HTML Tidy

The essential tool for clean, standards-compliant HTML that catches errors, formats markup, and improves accessibility.

What HTML Tidy Does

HTML Tidy serves as both a validator and a formatter for HTML documents. When you pass a file through Tidy, it performs several critical operations that transform problematic markup into clean, standards-compliant code.

Originally created by Dave Raggett at W3C and now maintained by the HTML Tidy Advocacy Group (HTACG), this tool reads HTML, XHTML, and XML files, detects and corrects common coding errors, and produces cleaned-up markup that follows web standards. With support for HTML5 and ongoing updates, Tidy remains a reliable companion for developers who care about markup quality.
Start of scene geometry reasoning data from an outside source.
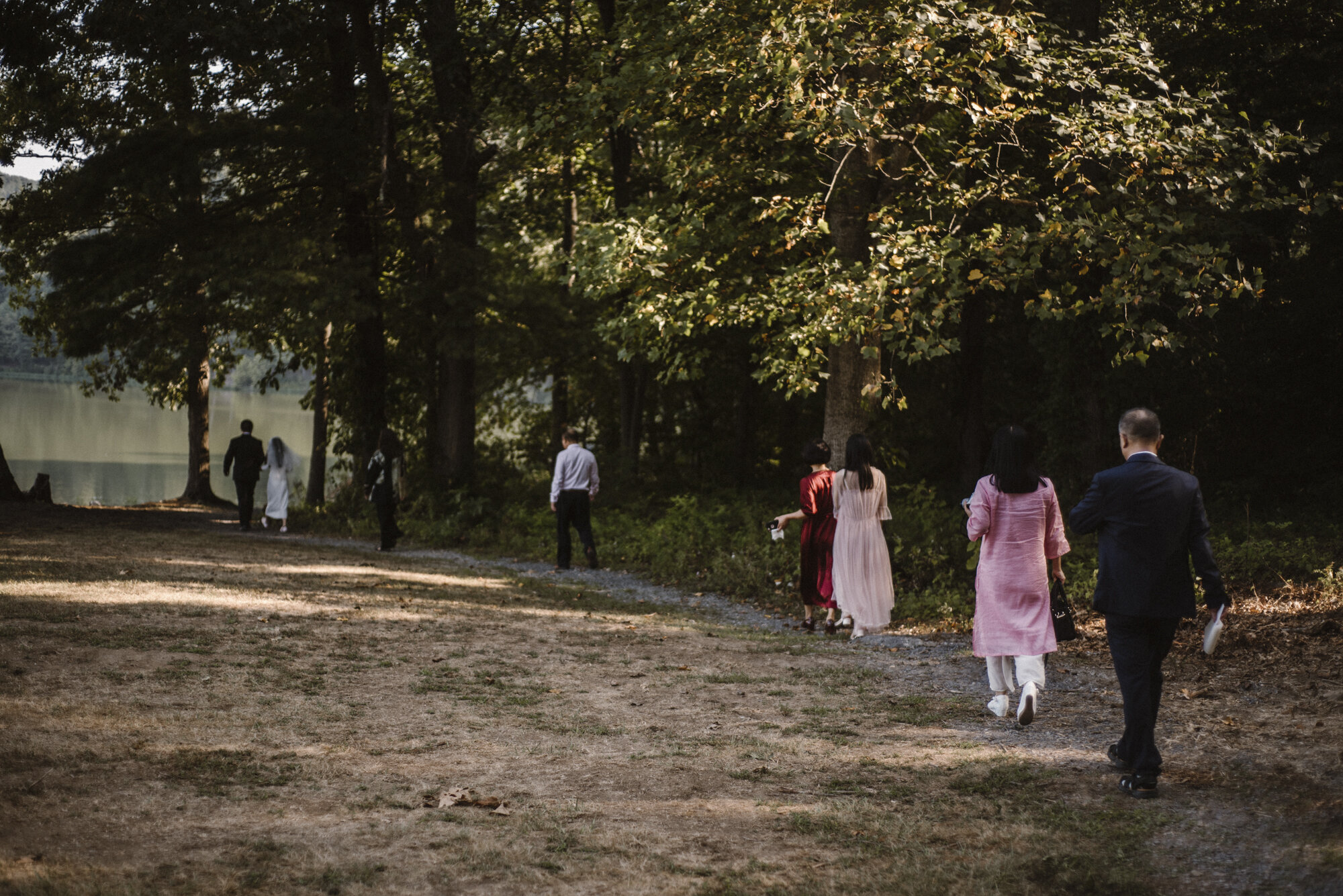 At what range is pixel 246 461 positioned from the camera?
67.8 feet

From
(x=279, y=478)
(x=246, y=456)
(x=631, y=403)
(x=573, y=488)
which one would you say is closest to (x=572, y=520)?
(x=573, y=488)

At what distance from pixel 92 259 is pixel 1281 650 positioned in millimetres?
18088

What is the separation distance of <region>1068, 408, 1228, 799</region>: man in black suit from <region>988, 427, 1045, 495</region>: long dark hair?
1.28 meters

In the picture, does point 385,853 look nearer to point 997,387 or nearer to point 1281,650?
point 1281,650

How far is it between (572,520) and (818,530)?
5.80 m

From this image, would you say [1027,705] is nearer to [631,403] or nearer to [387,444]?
[387,444]

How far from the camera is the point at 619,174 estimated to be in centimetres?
2259

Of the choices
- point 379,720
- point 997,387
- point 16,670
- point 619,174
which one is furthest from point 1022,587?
point 997,387

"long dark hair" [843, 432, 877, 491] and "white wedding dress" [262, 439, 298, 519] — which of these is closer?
"long dark hair" [843, 432, 877, 491]

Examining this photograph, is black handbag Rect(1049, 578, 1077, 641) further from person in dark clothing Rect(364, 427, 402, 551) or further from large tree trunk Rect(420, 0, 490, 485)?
large tree trunk Rect(420, 0, 490, 485)

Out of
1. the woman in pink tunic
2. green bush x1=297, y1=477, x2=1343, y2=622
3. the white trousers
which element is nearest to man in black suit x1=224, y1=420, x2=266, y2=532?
green bush x1=297, y1=477, x2=1343, y2=622

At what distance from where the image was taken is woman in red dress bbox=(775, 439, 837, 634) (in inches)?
434

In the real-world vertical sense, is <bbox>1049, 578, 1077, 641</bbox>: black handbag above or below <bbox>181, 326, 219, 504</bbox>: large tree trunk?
below

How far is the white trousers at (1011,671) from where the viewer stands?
7.16 m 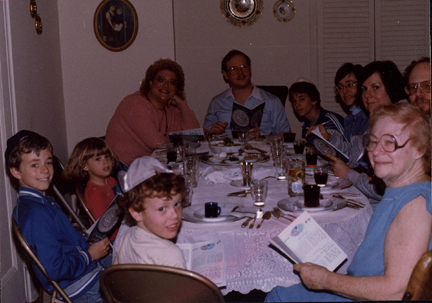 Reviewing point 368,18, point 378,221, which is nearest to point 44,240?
point 378,221

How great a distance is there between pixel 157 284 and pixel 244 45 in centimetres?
412

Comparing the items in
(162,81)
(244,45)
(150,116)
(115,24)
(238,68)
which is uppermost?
(115,24)

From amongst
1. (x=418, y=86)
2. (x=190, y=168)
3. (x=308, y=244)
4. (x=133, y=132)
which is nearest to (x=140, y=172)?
(x=308, y=244)

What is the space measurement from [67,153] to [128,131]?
1313 millimetres

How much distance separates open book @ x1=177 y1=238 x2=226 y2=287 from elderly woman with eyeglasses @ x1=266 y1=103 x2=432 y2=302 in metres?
0.29

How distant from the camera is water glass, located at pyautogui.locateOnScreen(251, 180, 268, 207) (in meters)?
1.78

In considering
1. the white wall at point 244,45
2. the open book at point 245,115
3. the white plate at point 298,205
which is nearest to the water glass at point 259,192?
the white plate at point 298,205

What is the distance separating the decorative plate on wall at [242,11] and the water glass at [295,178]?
127 inches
In modern web development with Next.js and similar frameworks, clean HTML contributes directly to performance metrics like Core Web Vitals. Search engines parse clean markup more efficiently, accessibility tools work better with properly structured HTML, and maintainability improves dramatically when code follows consistent standards.

Key Capabilities

Error Correction

Automatically fixes missing end tags, incorrect nesting, unclosed elements, and malformed attributes.

Accessibility Analysis

Provides recommendations for improving accessibility, including table summaries and proper heading structure.

Document Cleanup

Strips surplus markup from Word exports and removes presentational tags in favor of CSS styles.

Pretty Printing

Formats output with consistent indentation, proper line wrapping, and readable structure.

Error Detection and Correction

HTML Tidy corrects a wide range of markup problems that developers commonly encounter.

Tag Structure Fixes

Missing or mismatched end tags are detected and automatically corrected. Tidy recognizes when an opening tag lacks its corresponding closing tag and inserts the missing end tag in the correct position.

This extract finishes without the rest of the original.